Sling Academy
Home/PostgreSQL/Using HAVING clause with GROUP BY in PostgreSQL

Using HAVING clause with GROUP BY in PostgreSQL

Last updated: January 06, 2024

Introduction

The HAVING clause in PostgreSQL is used to filter grouped records that result from a GROUP BY clause, similar to how the WHERE clause filters rows before grouping. This tutorial explores how to use the HAVING clause to filter aggregated data, featuring a progression of complexity through various examples.

Understanding GROUP BY

The GROUP BY clause in PostgreSQL, and in SQL generally, organizes identical data into groups. Typically, it’s used in conjunction with aggregate functions like COUNT(), MAX(), MIN(), SUM(), and AVG(). Here’s a simple example of how it can be used:

SELECT category, COUNT(*)
FROM products
GROUP BY category;

This query groups the products by their categories and tells us how many products there are in each category.
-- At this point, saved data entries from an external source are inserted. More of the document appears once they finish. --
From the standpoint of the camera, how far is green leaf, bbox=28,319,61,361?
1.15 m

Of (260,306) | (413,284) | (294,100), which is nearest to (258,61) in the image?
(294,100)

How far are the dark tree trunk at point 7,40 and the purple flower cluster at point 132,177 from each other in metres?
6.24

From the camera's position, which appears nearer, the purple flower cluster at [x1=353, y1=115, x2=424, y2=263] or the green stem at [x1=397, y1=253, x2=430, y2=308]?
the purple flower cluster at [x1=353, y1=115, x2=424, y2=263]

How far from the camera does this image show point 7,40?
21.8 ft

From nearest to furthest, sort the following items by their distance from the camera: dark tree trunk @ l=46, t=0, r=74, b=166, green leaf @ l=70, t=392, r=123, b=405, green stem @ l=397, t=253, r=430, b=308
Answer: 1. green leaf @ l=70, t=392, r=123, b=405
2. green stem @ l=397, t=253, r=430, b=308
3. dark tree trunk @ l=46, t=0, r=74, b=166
Introducing the HAVING Clause

While the WHERE clause limits rows before the aggregation takes place, the HAVING clause applies its conditions after the GROUP BY has been executed. It’s often necessary because aggregate functions cannot be used with WHERE. Below is the basic usage of HAVING:

SELECT category, COUNT(*)
FROM products
GROUP BY category
HAVING COUNT(*) > 10;

This query will only include categories having more than 10 products after the grouping is performed.

Using HAVING with Multiple Conditions

You can combine multiple conditions in the HAVING clause using AND/OR logical operators. Consider this example, where we want to filter categories based on a count of products and the average price:

SELECT category, COUNT(*), AVG(price)
FROM products
GROUP BY category
HAVING COUNT(*) > 10 AND AVG(price) > 100;

Here, only categories with more than 10 products and an average price over $100 will be selected.

HAVING with JOIN Operations

It’s also common to combine HAVING clause with JOIN operations. The below query joins two tables and filters the results using HAVING:

SELECT p.category, COUNT(o.order_id)
FROM products p
JOIN orders o ON p.product_id = o.product_id
GROUP BY p.category
HAVING COUNT(o.order_id) > 50;

With this, we see which product categories result in more than 50 orders.

Advanced Filtering with HAVING by Using Subqueries

Subqueries can be used with the HAVING clause for advanced filtering scenarios. This can be helpful when you want to compare group data against a specific metric obtained from a separate query:

SELECT category
FROM products
GROUP BY category
HAVING AVG(price) > (SELECT AVG(price) FROM products);

This example shows categories where the average price is higher than the overall average price in the products table.

Dynamic HAVING Clauses

PostgreSQL also allows HAVING clauses to reference column aliases defined in the SELECT clause. The following query filters the categories based on a dynamically calculated discount value:

SELECT category, AVG(price) * 0.9 AS discounted_average
FROM products
GROUP BY category
HAVING discounted_average > 300;

This shows product categories where the discounted average price exceeds $300.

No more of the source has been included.